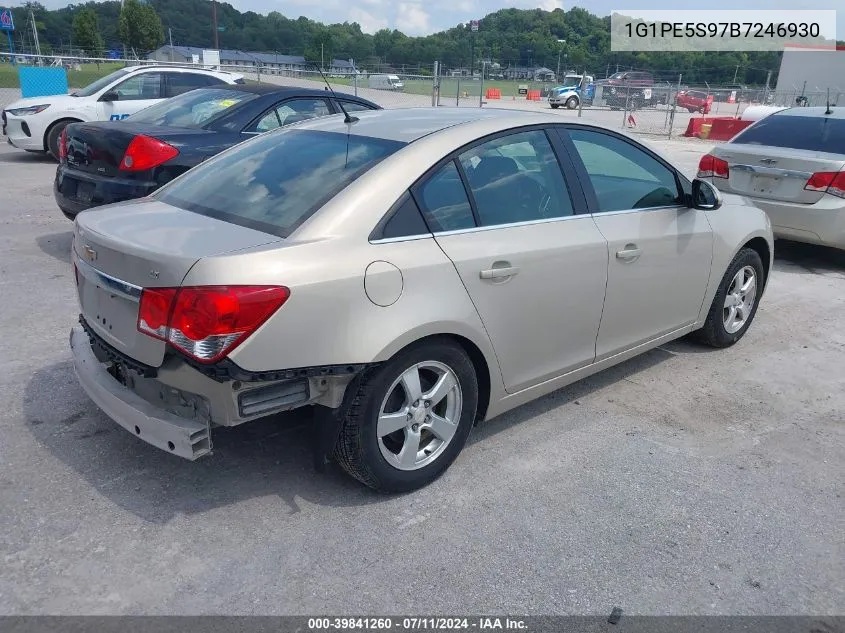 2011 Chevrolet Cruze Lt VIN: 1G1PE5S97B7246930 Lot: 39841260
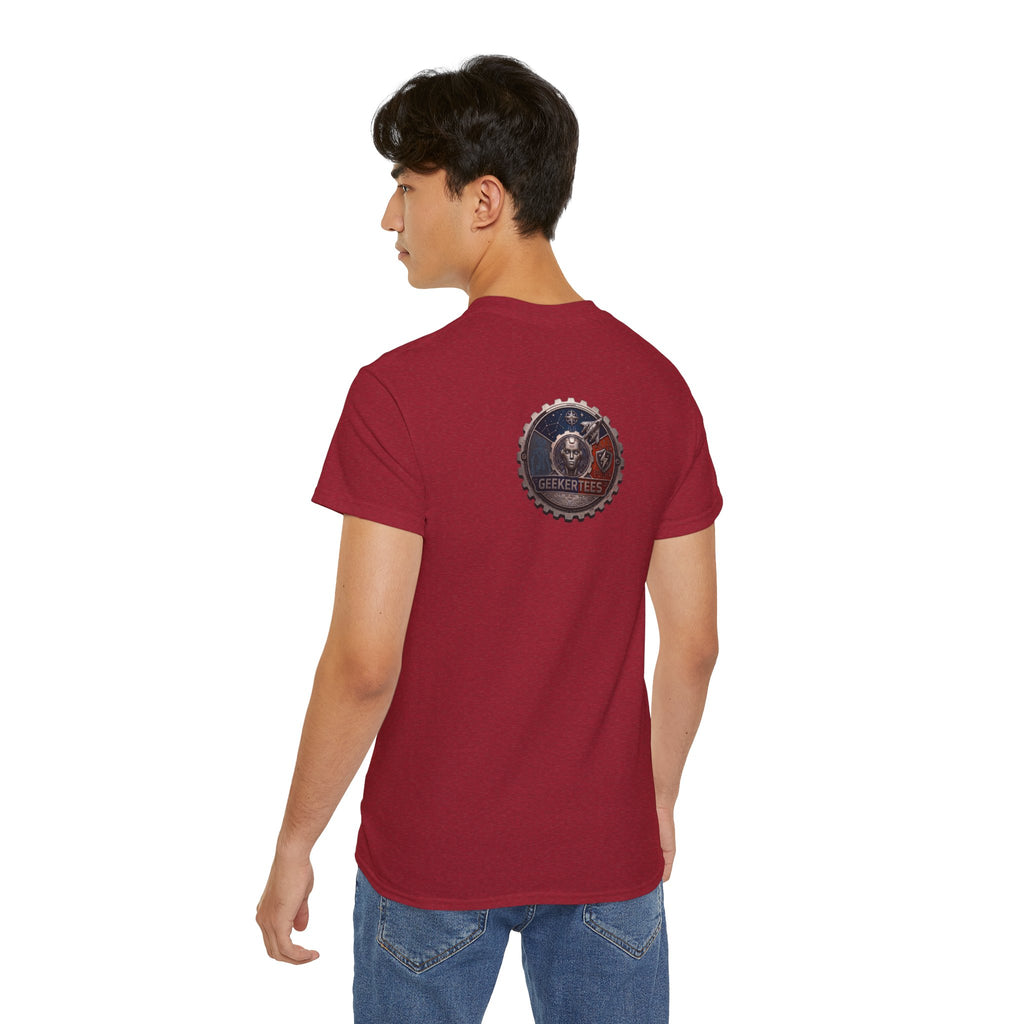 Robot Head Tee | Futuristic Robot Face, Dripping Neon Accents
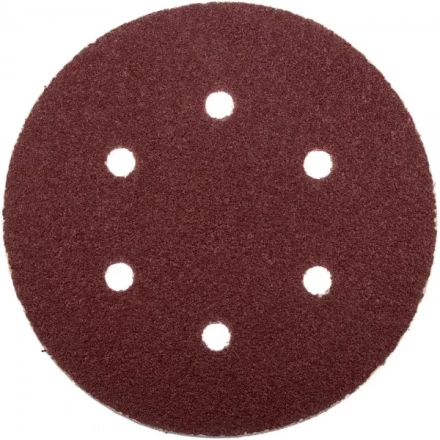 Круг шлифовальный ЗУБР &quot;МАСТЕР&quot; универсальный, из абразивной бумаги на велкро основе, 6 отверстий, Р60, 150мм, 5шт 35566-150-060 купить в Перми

What needs to be done =
Reproduce the whole listing verbatim. Pictures stay out of the copy.

Response below =
 2011 Chevrolet Cruze Lt VIN: 1G1PE5S97B7246930 Lot: 39841260
 Robot Head Tee | Futuristic Robot Face, Dripping Neon Accents
 Круг шлифовальный ЗУБР &quot;МАСТЕР&quot; универсальный, из абразивной бумаги на велкро основе, 6 отверстий, Р60, 150мм, 5шт 35566-150-060 купить в Перми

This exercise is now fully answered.